State-owned National Gas Company, which ordered a freeze on wage hikes and bonuses last month, is remaining mum on whether cutbacks at the company will negatively affect contract employees.
GML Enterprise Desk understands that contract employees whose contracts expire at the end of 2015 have been told that in some cases contracts will be renewed for one month and in other cases for three months.
Questions emailed to NGC's spokesperson, Christine Punnett, on whether cutbacks at the state company would affect contract employment remained unanswered up to press time.
But she was more forthcoming when asked about the company's sponsorship of steelabnds. NGC currently sponsors the NGC Nightingales, NGC Couva Joylanders and NGC Street Explosion. The company also sponsors a fourth band Gonzales Sheikers, a single pan steel Orchestra from Belmont.
Punnett said the terms of the agreement for sponsorship are governed by a three-year agreement dating from October 2013 to 2016. That agreement, announced by former NGC President Indar Maharaj, was valued at $4.5 million. Maharaj was dismissed from the company earlier this week.
Asked whether the budget for sponsorship would be cut, Punnett said: "NGC is very mindful of the economic situation and would make adjustments as required, taking into consideration its social commitments, discussions with stake holders and financial position."
Asked whether the company considers the pan sponsorships to be financially sound, in light of falling gas prices and the wage freeze at the company, Punnett described the sponsorships as a "corporate social investment and therefore a sound financial decision that impacts the company's sustainability of operations and also the national community as a whole."
She refused to divulge details of the sponsorship agreements between NGC and the steel orchestras saying the details are confidential, "so to disclose this information would place undue price pressure upon the band's management from suppliers, service providers and other stake holders. It could be a security risk to disclose such information."

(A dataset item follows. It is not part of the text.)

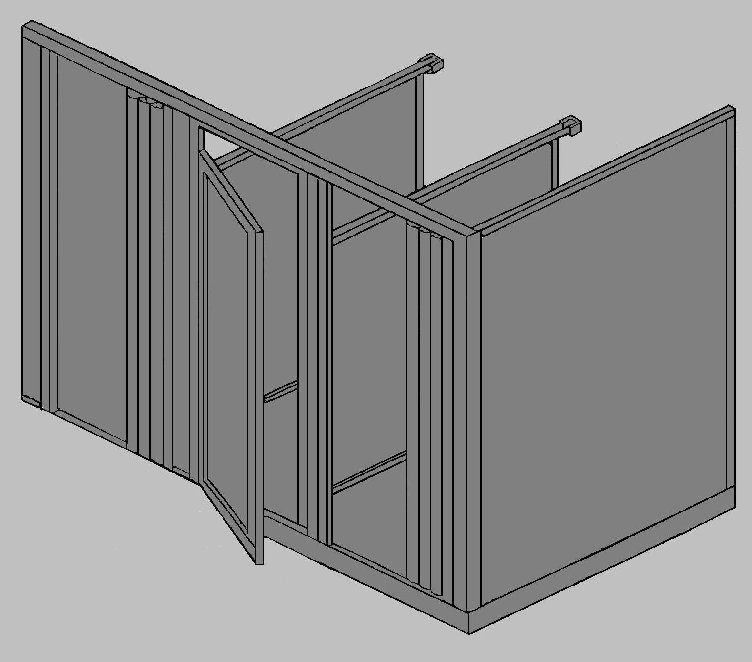 Shower Partitions drawing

The NGC did not respond to a question on whether it would undertake cutbacks in other areas like community projects and any other discretionary spending.
However, spokesperson for state-owned Petrotrin, Gillian Friday, told the GML Enterprise desk that in light of the current economic scenario with falling oil prices the company has to take a close look at discretionary spending which involves things like donations and sponsorships.
She said: "Our operating costs are high so discretionary spending would have to be looked at." Friday said this would require a review "and where we can we will reduce. We need to manage it a lot closer."
Only this week Phase II Pan Groove, which the company sponsored since 1999, ended its relationship with Petrotrin. Friday said this decision was made by the steelband management and had nothing to do with a cut in allocation.
She said just days before the decision by Phase II to move on, the Petrotrin Board met on the sponsorship issue and agreed to a figure for 2016 which was similar to that allocated in 2015. She would not divulge details of the amount but said "it was no where close to a million dollars." But there was no breach of contract since she said the one-year contract the company had with the band had come to an end in any event.
While the partnership between Petrotrin and Phase II Pan Groove has ended, the company continues its support for the national instrument through the sponsorship of Petrotrin Hatters, Petrotrin Siparia Deltones and Petrotrin Katzenjammers.
The company will also maintain its support for 13 other unsponsored bands.
Miss Friday explained that those sponsorships are part of the company's Corporate Social Investment which impacts communities and they are not to be taken lightly, "communities depend on us."
President of Pan Trinbago Keith Diaz told the GML Enterprise Desk that he has received no word from any band as yet about problems with sponsorships in light of the current economic situation. He said bands would write privately to companies and try to get various levels of sponsorship. For example, Diaz said, "a band may write to TSTT and say this is what we need. TSTT may give them money and jerseys. We would not know the details as that is a private arrangement."
Diaz said Panorama begins on January 8th and he will meet with his finance team tomorrow. Culture Minister Minister Nyan Gadsby Dolly is currently waiting on the steelband organisation to get back to her on their needs for 2016 to take a note to Cabinet. But she has already signalled to Carnival stakeholders that the government is hardpressed at this time.
Diaz lamented that under the former Peoples Partnership government the steelband movement suffered a shortfall in funding. He said they are owed $3 million from 2014 and $2 million for 2015. Already as they plan ahead he said they have a shortfall of $4.768M for 2016.
He said the steelband movement had not received any increase in prize money for the past 10 years, but they have seen many other cultural groups benefit financially. He lamented "we in pan always have to bite the bullet."
Only on Thursday, Government spokesman Maxie Cuffy told the post-Cabinet news conference that the State allocation for the International Soca Monarch and the Chutney Soca Monarch shows had been reduced by 56 per cent and 40 per cent respectively.